O governo brasileiro deve tomar a iniciativa, deixar de lado temporariamente questões como as disputas comerciais em torno das barreiras americanas a produtos brasileiros e aproveitar a chance de um novo tipo de parceria com os Estados Unidos, defende o ministro de Assuntos Estratégicos, Roberto Mangabeira Unger. "Temos uma janela de oportunidade; os Estados Unidos estão vivendo um momento extraordinário de questionamento", defendeu o ministro, que aponta três setores para projetos comuns: energia renovável, programas de melhoria da educação básica e técnica, e apoio a pequenas e médias empresas.

"Temos uma oportunidade singular para negociar com os EUA um conjunto de ações comuns", garantiu o ministro, em entrevista para o programa "3 a 1" da "Rede Brasil". Para Mangabeira, que foi professor do novo presidente americano na Universidade de Harvard, o Brasil deve aproveitar a disposição do governo americano em promover mudanças e negociar programas conjuntos com "inovações experimentais, capazes de soerguer as pessoas comuns".

"Não é momento de ficar vidrado nas pequenas negociações mercantis, o mais inteligente é voltar a elas depois, à luz destas inciativas que proponho", argumenta. Ele diz que os dois países podem criar juntamente os padrões para garantir aos agrocombustíveis, como o etanol, um mercado mundial. Também teriam experiências a trocar no estímulo às pequenas e médias empresas, capazes de gerar emprego e promover inovações, defende. "Temos de levar mais dessas empresas para a vanguarda das práticas e tecnologias, no contexto da crise mundial, ligar financiamento á produção."

Em educação, tanto EUA quanto Brasil enfrentam o problema de criar padrões nacionais de qualidade e lidar com um sistema descentralizado de gestão, estadual ou municipalmente. O Brasil tem de ter modelos, que podem ser criados com os EUA, com participação federal para eliminar as deficiências do ensino local, defende.
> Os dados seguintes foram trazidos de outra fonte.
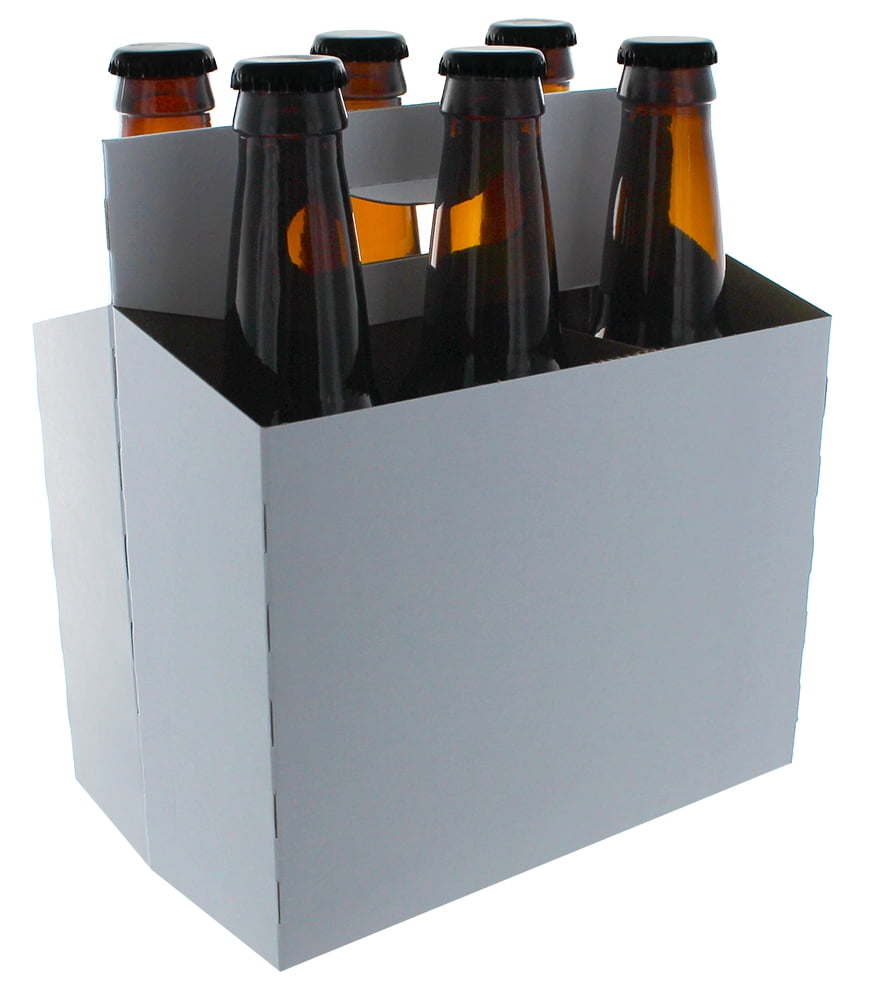 6 Pack Cardboard Beer Bottle Carrier For 12 Ounce Bottles Pack of 50 White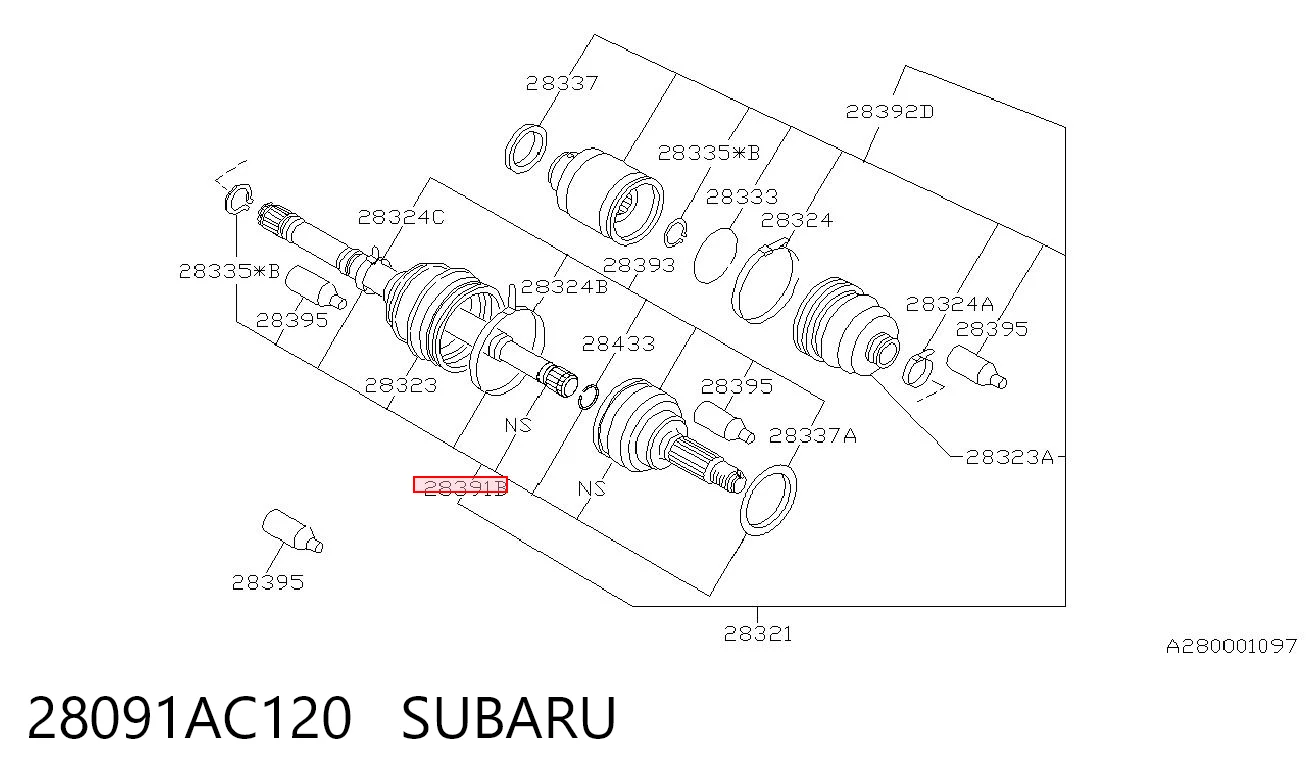 28091AC120 Subaru Junta homocinética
"Isso não é ideologia abstrata, não é negociação comercial, é experimentar a forma institucional do mercado e da democracia", diz o ministro, entusiasmado.

"Temos um contencioso comercial existente com os EUA a respeito de temas como o protecionismo agrícolas e a rivalidade com o etanol feito por nós" reconhece Unger, para quem essas divergências, dependentes de consenso no Congresso onde são fortes os lobbies empresariais, não serão resolvidas "instantaneamente".

"O mais sábio seria simplesmente colocá-las de lado no momento e abrir essas novas frentes, iniciativas magnânimas e audaciosas", insiste. Mangabeira - que não gosta que o chamem de Mangabeira Unger por considerar o nome duplo "pretensioso" - defendeu também que o governo brasileiro tome a inciativa de procurar a nova administração Obama para participar, com ela, da discussão sobre as saídas para a crise financeira internacional. Ele esteve recentemente nos EUA, para conversar com futuros colaboradores do novo presidente, e voltou decepcionado com as propostas do futuro governo, que considerou muito limitadas.

"Até agora prevaleceram na discussão da crise temas importantes porém superficiais", analisa ele, que lista, entre esses temas, a necessidade de regulação dos mercados financeiros e a de adotar políticas monetárias expansionistas (menor controle do dinheiro disponível no mercado, como forma de estimular a demanda por mercadorias). Esse é um "receituário do século passado", critica.

Para enfrentar com êxito as ameaças à economia global, será preciso estabelecer medidas para reduzir o desequilíbrio entre países grandes poupadores e com superávits comerciais, como a China e os grandes devedores, com déficits no comércio, como os Estados Unidos, adianta. A regulação no mercado não pode se limitar a impedir os abusos, mas deve levar à "reconstrução da poupança e da produção", levando os ganhos do mercado a se basearem mais na produção física de bens e serviços que na especulação financeira, defende.